Lazy Linking, Seventh in an Occasional Series
Here's what I've found interesting on the Internets lately -
* In honor of Pi Day (March 14), here's a great link. I mean, because you've been dying to know where your birthdate, Social Security number, and Tommy Tutone's phone number falls in pi's infinite sequence of numbers, right?
* Ever want to know the difference between Pigovian taxes and sin taxes? Here's a start: Greg Mankiw riffs on taxing gas vs. taxing cigarettes.
* Green jobs: magic bullet or pixie dust? The Economist moderates a spirited debate.
* When bankers run zoos, you get zoos that get serious about performance metrics. That's what's happening here in Philadelphia.
* Here's a conservative argument for not repealing the death tax.
* Sorry, Denver lovers, your transit plans are hitting a snag. This is why older, less sexy cities have a huge advantage over newer-infrastructure places like Denver and Phoenix and Seattle and Portland: we are already have billions of dollars of transit infrastructure in place.
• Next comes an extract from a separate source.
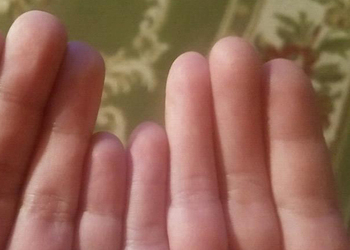 Фотография пальцев школьника поставила пользователей сети в тупик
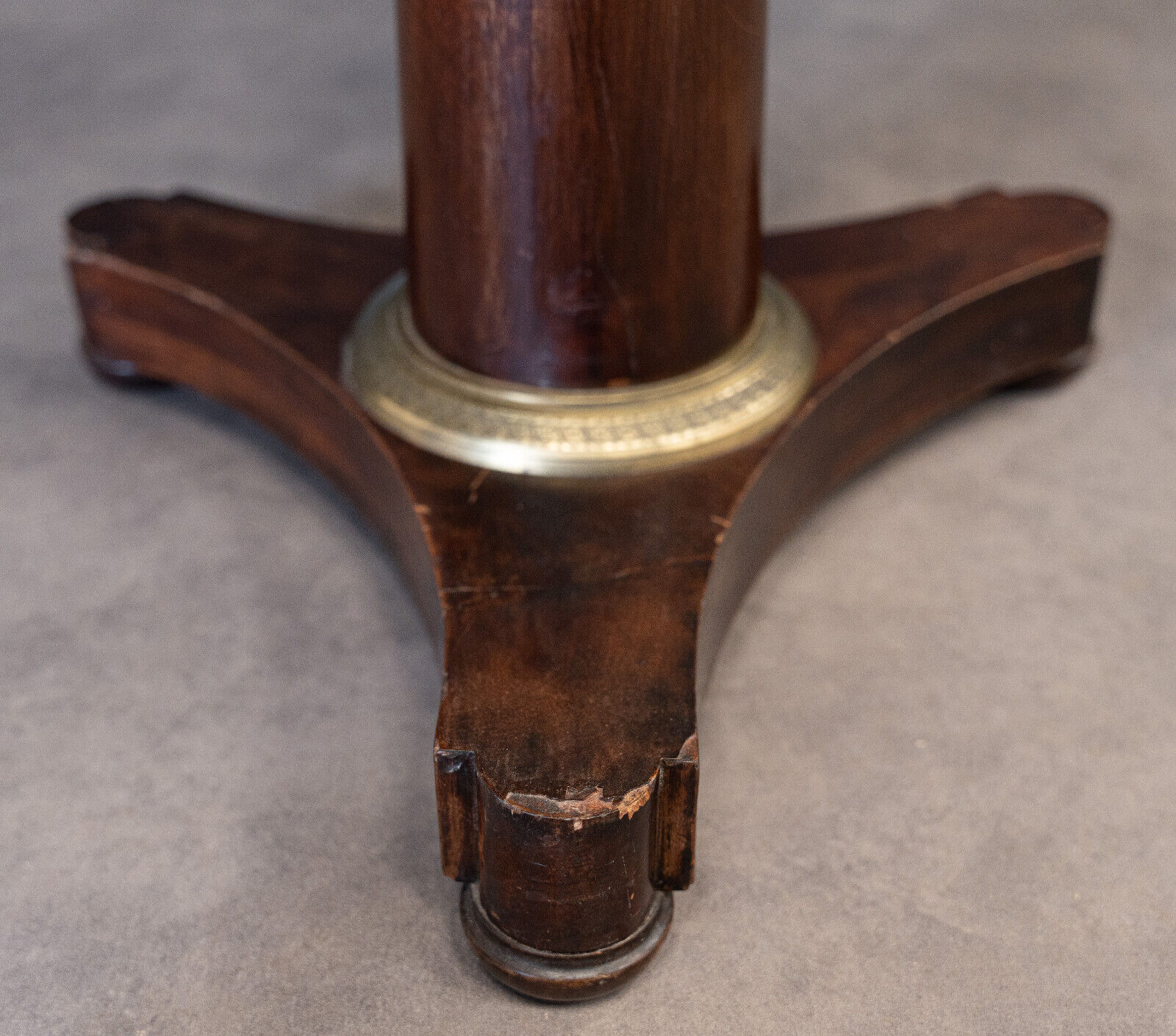 Mahogany pedestal table was central foot tripod gray marble of Sainte Anne nineteenth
* What happens when you try to soak the rich? In Maryland, they move to where it's dry, which isn't hard to do since there are so many other states nearby and you wouldn't even have to change your job.
* Ryan Avent gets at what's difficult about good affordable housing policy, namely that rich people simply would rather not have to live with or share schools with poor people.